Oncol Lett. 2017 Jun;13(6):4215-4223. doi: 10.3892/ol.2017.5991. Epub 2017 Apr 5.

Abstract

Cholangiocarcinoma is a rare, sporadic and aggressive type of cancer. The genetic basis of cholangiocarcinoma remains poorly understood. The present study investigated the prognostic role of the N-acetylgalactosaminyltransferase 14 (GALNT14)-rs9679162 genotype, an effective therapeutic response predictor for hepatocellular carcinoma in patients with cholangiocarcinoma receiving surgical resection.
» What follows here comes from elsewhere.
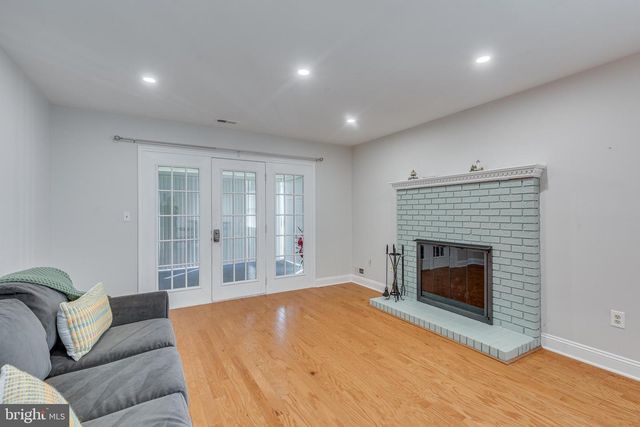 54 N HORSESHOE LN, Columbus, NJ 08022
A cohort of patients with intrahepatic or perihilar cholangiocarcinoma (n=112) were retrospectively recruited. Of these patients, 31.3, 49.1 and 19.6% had GALNT14 'TT', 'TG' and 'GG' genotypes, respectively. The patient's genotype distributions did not deviate significantly from those of the ethnic reference cohorts, HapMap-Chinese Han Beijing and Chinese Han Metropolitan Denver. The genotype 'TT' was associated with unfavorable overall survival in univariate analysis (P=0.023). Furthermore, two tumor characteristics, perineural and vascular invasion, were independently associated with unfavorable overall survival (P=0.001 and P=0.002, respectively). The 'TT' genotypes were independently associated with two known predictors of unfavorable prognosis, perineural invasion (P=0.035) and lymph node metastasis (P=0.005) in a multivariate linear regression analysis. When compared with the two reference genotype cohorts, the 'TT' genotype was significantly higher in patients with perineural invasion (P=0.049, Beijing cohort; P=0.034, Denver cohort). Similar enrichment of the 'TT' genotype was also revealed in patients with lymph node metastasis (P=0.046, Beijing cohort; P=0.032 Denver cohort). In conclusion, the GALNT14-rs9679162 'TT' genotype was associated with perineural invasion and lymph node metastasis, as well as unfavorable overall survival in patients with resected cholangiocarcinoma.

Keywords: bile duct cancer; glycosyltransferase; single nucleotide polymorphism; tumor etiology.